Antiquité
Le mystère (grec : mustêrion ; latin : mysterium) désigne ce qui est caché, réservé aux initiés (mystères d’Éleusis, orphisme). Il désigne des rites ou des savoirs secrets, d’accès limité, souvent à dimension religieuse. Le mystère n’est pas l’ignorance pure, mais ce qui ne se livre qu’à travers une initiation.
Usages et débats :
Débats sur la nature du caché, sur la transmission du savoir, sur la différence entre mystère, secret et ignorance.
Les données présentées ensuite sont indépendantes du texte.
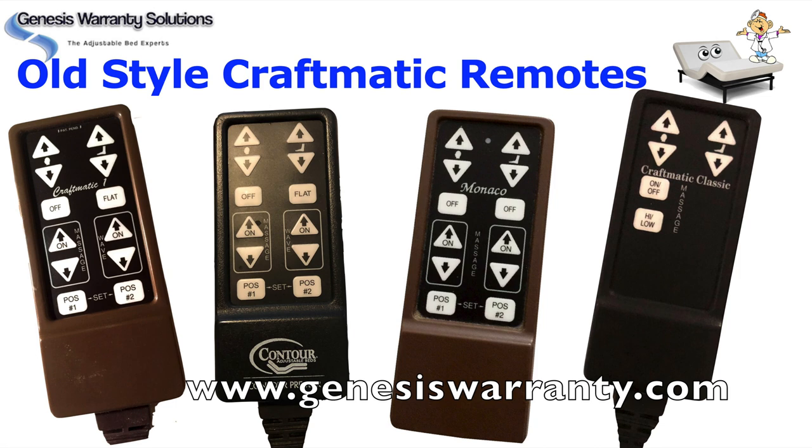Now, if you have a corded remote that uses the phone jack style plugs — like you see with a couple of the remotes like the Classic and the Contour — we do still have those remotes available. So just give us a call and we can help you.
Changements de signification :
Le mystère passe de rite ou savoir initiatique à une catégorie du caché.
Liens avec d'autres notions :
-
Initiation :
Le mystère suppose un accès progressif par des rites ou un apprentissage.
-
Secret :
Le mystère n’est pas toujours secret absolu, il est parfois dévoilable.
Moyen Âge
Le mystère désigne le dogme religieux caché, au-delà de la raison humaine (mystères de la Trinité, Incarnation, etc.). Il est objet de foi, non de savoir rationnel. Le mystère devient central dans la théologie chrétienne.
Usages et débats :
Débats sur la distinction entre mystère de foi et vérité rationnelle, sur l’intelligibilité du dogme.
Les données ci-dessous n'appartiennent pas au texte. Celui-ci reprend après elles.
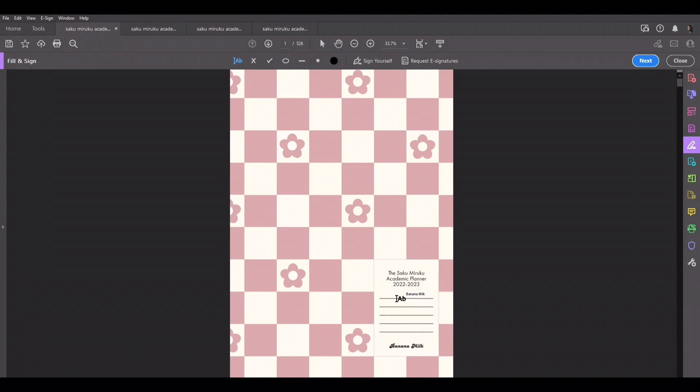Right here you can put your university, college, or high school. So let's do 'University of Black,' et cetera. You can fill it in if you wish.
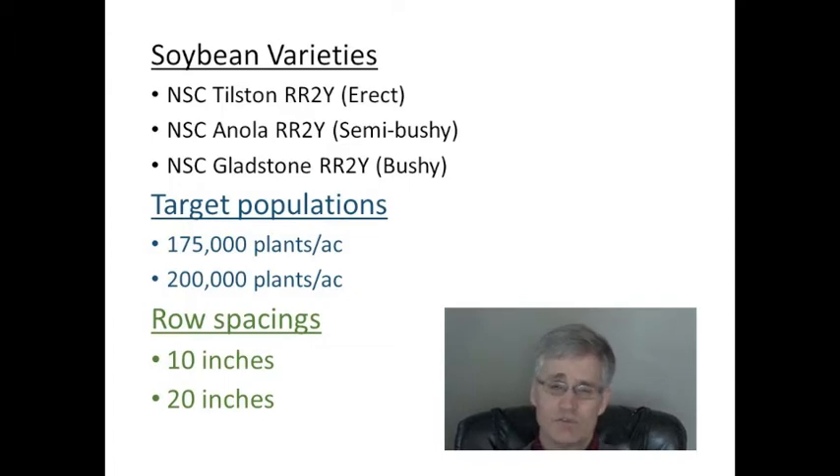Producers experimenting with soybeans are going to want to use the equipment they have on hand, which means solid seeding soybeans at 10-inch row spacings. However, producers will eventually ask whether it's worth the investment to get a planter and move to wider row spacings. The potential advantage of wider row spacings are reduced seed costs and potentially less disease development. A disadvantage, particularly for our producers, might be extending or prolonging maturity by moving to wider row spacings.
Changements de signification :
Le mystère devient ce qui doit être cru sans être compris entièrement.
Liens avec d'autres notions :
-
Foi :
Le mystère est objet de foi et non de démonstration.
-
Révélation :
Le mystère est rendu accessible par la révélation divine.
Âge classique et moderne (XVIIe-XVIIIe siècles)
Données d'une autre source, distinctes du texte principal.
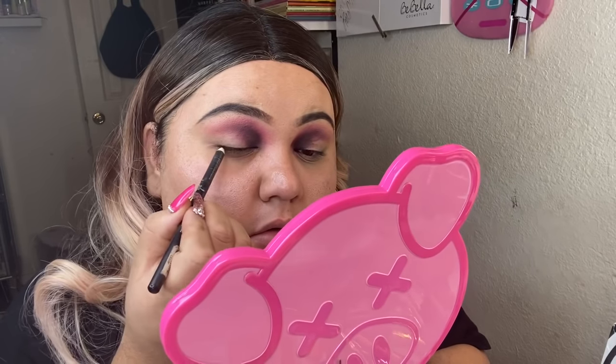I like to get my pencil really pointy. This wig is from Katina Fashion — if you're interested, just mention my name and you get free shipping. I'm gonna put this all over my waterline, and now for the lid area I'm gonna add it on the lid.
Le mystère est vu parfois comme obstacle à la raison, parfois comme horizon de la pensée. Les Lumières cherchent à dissiper les mystères par la raison, mais le romantisme valorise l’irréductible mystère du monde.
-
Voltaire :
Critique les mystères religieux comme sources d’obscurantisme.
"Ce que vous appelez mystère n’est souvent que l’ignorance."
-
Emmanuel Kant :
Reconnaît que la raison rencontre des limites : le mystère devient ce qui excède la pensée humaine.
"Deux choses remplissent le cœur d’admiration : le ciel étoilé au-dessus de moi, la loi morale en moi."
Usages et débats :
Débats sur l’opposition raison/mystère, sur la légitimité de la croyance en des mystères.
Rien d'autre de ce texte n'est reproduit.